_Problem to solve_.
Return the stretch from the line with "The X-Files: The" through the line with "-星巴克臻选(成都太古里店)" in the data below, character for character, skipping all pictures.

_Given information_.
::::::::

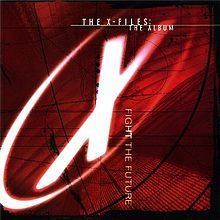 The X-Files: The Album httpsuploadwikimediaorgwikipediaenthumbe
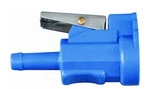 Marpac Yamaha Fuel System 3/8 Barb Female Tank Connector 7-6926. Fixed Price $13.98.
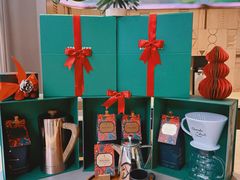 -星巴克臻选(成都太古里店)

::::::::

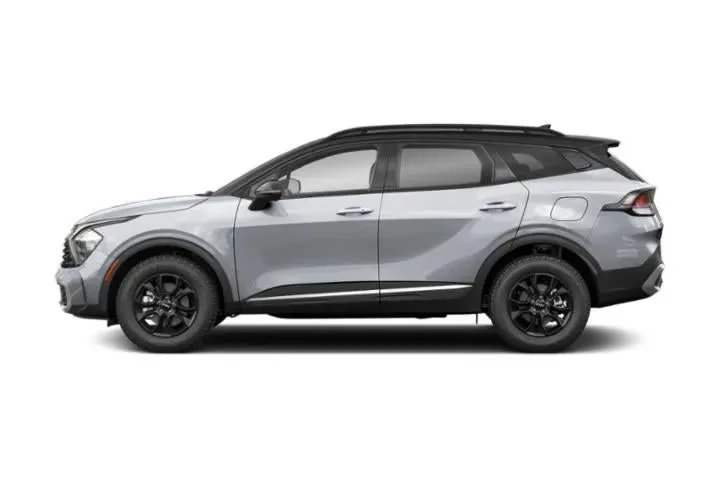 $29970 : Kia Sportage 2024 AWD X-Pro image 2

::::::::

_Result for this exercise_.
 The X-Files: The Album httpsuploadwikimediaorgwikipediaenthumbe
 Marpac Yamaha Fuel System 3/8 Barb Female Tank Connector 7-6926. Fixed Price $13.98.
 -星巴克臻选(成都太古里店)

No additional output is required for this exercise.